Потом перед внутренним взором возник открыточный образ дизель-электрохода «Россия», на котором лет тридцать тому мы с женой и тогда еще маленьким старшим сыном плыли в компании друзей из Одессы в Батуми. Залитая солнцем палуба, белые борта с сотнями иллюминаторов, маленький бассейнчик, кишащий загорелыми телами, каюты как гостиничные номера, рестораны, бары, ныне покойный композитор Островский, нехотя музицирующий в салоне, – личный гость капитана – и сам капитан, загорелый седой джентльмен с Ллойдовским знаком на лацкане кремового пиджака.

Потом теплоход «Белоруссия». Проплываем Дарданеллами мимо Стамбула, где справа – азиатская часть города, а слева – европейская… Слепящее солнце. Слепящая вода. Тысячи торговцев на лодчонках, которые орут до хрипоты. Грандиозные, неожиданно плоские купола мечетей… Мир света, цвета, неведомых силуэтов и странных, далеких звуков…

«Нет, все это не то», – думаю я, и на «экране» возникает следующая «серия».

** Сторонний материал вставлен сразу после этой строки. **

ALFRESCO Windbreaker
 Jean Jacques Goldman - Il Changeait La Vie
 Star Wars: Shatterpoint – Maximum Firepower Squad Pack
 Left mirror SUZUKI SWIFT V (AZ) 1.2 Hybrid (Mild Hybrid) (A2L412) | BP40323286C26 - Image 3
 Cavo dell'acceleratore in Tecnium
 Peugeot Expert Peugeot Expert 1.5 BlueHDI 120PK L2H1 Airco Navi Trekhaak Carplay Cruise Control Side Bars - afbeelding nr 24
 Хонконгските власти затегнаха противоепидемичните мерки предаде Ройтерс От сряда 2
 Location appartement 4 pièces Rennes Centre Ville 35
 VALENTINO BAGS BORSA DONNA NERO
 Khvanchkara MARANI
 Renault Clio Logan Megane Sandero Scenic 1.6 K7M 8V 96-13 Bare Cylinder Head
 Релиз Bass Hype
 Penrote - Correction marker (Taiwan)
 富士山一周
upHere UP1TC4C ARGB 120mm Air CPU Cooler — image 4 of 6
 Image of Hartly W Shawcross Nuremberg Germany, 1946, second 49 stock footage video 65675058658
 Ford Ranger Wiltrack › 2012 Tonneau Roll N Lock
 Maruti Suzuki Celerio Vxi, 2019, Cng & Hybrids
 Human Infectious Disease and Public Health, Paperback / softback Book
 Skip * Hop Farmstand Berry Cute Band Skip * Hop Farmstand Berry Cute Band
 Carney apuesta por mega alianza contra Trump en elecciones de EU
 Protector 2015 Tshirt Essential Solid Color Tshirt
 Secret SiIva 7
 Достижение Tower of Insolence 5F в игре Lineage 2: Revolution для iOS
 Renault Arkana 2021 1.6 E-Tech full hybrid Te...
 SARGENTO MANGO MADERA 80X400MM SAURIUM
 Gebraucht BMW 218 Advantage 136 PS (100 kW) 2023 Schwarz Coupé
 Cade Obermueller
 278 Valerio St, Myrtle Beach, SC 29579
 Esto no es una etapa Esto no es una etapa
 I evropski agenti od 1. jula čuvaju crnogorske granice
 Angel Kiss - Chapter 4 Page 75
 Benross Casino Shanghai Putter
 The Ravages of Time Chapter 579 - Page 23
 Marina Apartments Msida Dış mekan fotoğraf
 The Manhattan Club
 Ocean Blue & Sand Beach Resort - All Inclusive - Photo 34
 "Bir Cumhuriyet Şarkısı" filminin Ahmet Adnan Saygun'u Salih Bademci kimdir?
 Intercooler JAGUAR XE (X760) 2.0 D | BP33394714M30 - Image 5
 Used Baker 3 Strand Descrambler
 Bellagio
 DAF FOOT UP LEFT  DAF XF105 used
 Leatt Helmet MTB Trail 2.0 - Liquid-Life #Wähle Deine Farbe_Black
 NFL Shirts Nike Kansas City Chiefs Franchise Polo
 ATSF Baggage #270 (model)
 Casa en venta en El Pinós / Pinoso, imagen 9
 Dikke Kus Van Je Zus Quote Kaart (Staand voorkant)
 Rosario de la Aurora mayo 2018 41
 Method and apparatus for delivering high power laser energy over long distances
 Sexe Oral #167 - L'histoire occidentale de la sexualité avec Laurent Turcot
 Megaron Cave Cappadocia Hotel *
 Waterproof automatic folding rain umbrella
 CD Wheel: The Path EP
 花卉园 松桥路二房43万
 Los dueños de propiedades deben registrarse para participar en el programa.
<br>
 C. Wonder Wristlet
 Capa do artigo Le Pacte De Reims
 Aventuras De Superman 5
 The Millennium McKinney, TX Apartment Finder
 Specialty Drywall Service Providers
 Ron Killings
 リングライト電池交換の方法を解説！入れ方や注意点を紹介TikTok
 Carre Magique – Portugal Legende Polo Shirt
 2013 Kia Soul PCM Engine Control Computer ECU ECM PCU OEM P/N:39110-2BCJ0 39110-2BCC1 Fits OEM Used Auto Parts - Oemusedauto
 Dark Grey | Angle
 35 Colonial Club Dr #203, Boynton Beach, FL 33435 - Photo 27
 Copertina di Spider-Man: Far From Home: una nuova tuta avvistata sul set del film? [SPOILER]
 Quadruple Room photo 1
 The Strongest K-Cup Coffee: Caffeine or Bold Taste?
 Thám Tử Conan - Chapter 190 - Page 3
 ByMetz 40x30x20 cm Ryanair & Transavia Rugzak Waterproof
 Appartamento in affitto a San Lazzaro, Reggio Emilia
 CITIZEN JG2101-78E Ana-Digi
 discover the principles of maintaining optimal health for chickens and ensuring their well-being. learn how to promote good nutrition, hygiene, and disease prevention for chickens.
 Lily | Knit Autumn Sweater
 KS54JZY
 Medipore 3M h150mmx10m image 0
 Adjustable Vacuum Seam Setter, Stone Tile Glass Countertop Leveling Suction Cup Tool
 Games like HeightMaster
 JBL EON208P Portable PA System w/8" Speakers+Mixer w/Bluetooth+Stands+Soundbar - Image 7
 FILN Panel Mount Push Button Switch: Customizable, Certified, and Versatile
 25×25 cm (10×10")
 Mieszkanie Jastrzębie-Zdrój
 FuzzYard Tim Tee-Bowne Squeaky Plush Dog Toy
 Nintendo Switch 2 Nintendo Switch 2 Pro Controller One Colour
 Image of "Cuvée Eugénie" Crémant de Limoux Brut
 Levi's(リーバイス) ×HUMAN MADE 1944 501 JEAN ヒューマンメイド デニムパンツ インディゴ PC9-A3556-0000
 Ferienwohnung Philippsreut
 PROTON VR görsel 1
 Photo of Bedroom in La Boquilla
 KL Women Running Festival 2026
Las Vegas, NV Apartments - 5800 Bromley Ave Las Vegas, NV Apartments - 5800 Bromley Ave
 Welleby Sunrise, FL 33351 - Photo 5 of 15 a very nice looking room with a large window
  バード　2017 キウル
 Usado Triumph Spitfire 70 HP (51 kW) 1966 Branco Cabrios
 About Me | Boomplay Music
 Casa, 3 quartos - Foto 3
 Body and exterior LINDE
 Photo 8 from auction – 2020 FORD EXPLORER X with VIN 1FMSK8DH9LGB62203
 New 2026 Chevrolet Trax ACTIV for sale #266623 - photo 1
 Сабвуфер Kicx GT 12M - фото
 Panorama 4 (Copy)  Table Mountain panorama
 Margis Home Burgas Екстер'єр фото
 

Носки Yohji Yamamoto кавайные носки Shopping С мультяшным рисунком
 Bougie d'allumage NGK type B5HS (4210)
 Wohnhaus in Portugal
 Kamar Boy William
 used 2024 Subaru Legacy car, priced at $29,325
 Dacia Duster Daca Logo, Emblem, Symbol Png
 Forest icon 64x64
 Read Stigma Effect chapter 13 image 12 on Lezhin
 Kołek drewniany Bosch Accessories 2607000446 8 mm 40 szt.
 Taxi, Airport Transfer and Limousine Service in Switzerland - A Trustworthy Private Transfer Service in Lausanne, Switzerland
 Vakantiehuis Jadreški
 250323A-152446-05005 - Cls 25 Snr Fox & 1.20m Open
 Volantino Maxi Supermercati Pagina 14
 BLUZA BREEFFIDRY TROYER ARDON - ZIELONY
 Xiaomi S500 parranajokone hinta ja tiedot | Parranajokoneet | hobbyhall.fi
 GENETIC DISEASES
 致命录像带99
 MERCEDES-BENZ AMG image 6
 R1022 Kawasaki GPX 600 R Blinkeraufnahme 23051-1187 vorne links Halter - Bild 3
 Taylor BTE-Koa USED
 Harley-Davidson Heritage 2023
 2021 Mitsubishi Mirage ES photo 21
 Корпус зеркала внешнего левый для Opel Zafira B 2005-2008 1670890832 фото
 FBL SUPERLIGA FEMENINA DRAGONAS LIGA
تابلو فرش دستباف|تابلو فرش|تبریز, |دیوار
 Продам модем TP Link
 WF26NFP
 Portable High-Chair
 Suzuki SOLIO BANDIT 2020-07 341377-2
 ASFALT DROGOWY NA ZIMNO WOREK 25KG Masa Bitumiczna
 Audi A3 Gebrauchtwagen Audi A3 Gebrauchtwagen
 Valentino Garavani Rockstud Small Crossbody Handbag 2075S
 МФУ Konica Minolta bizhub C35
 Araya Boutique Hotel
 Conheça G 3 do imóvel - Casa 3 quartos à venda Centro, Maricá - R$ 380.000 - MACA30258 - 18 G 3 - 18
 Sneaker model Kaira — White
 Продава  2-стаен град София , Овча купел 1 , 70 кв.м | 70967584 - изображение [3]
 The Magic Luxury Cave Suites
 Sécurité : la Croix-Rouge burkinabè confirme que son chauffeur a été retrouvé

Мурманский рыбный порт. Дорога идет по склону сопки. Маленький рейсовый автобусик «поспешает не спеша». И вдруг по левой руке открылся вид на залив, лежащий глубоко внизу, крыша какого-то длинного здания и тысячи, десятки тысяч, миллионы черных мачт, оснащенных какими-то веревками, шевелятся вразнобой, перекрещивая друг друга. Черные корпуса, будто плечами расталкивающие докучных соседей, таких же черных и неугомонных. Хаотичные и гармоничные, подобные шевелению водорослей, движения… Нет, опять не то!..

…Дорога на остров Рюген в ГДР. Машина замедляет ход перед въездом на дамбу. Справа верфи, знаменитые штральзундские верфи, где строят крупные транспортные суда для Советского Союза. У причала стоят прижатые друг к другу бортами новенькие, «с иголочки», похожие друг на друга, как близнецы, созданные по новейшим дизайнерским идеям долгоносые сухогрузы, с поднятыми высоко над палубами многоэтажными надстройками – капитанскими рубками и прочими корабельными службами…

Стоп!.. Вот это, пожалуй, то!..

– Я подумаю, – сказал я директору. И ушел.

Я читал книги, встречался с людьми. Понемногу стали вырисовываться «предлагаемые обстоятельства» – жизнь торгового флота как некая категория, панорама всего явления в целом. Но мне не хватало главного образа, метафоры, в которой был бы заключен код сюжета. Я уже подумывал о том, чтобы отказаться. И тут мне пришло в голову вот что: плавают по океану два судна одного проекта, одного года постройки, все у них одинаковое – и мачты, и машины, и каюты, и даже орнаменты на стенах кают-компании, и камбузы, и количество заклепок на переборках, и гальюны, и приборные доски на капитанском пульте – словом, абсолютно все. И тем не менее жизнь у них разная. У одного все в порядке и с планом, и с графиком движения, и с ремонтом, а у другого решительно все не ладится. На одном служат до пенсии, а с другого бегут после каждого рейса. В чем же дело? А в том, что у них разные команды, разные человеческие комбинации, составляющие их коллективные личностные структуры. Вот и получается, что у «близнецов», так сказать, разные «характеры». Я представил себе это небольшое суденышко, затерянное в огромном океане, подвергающееся всем опасностям, которые испокон веку подстерегают моряков всех стран. Я представил себе этот плавучий островок с населением в тридцать пять – тридцать семь человек, подобранных без учета того, что теперь называют психологической совместимостью, я подумал, что этот небольшой коллектив, временно оторванный от мира, являет собой некую модель общества, со своей субординацией, с неизбежной борьбой за лидерство, со своими страстями и нравственными конфликтами, и понял, что вдруг оказался в зоне своих обычных размышлений о жизни, на территории своих тем. Сомнений больше не было, я должен писать этот сценарий… И вот в момент принятия этого решения приказ извне превратился в приказ самому себе.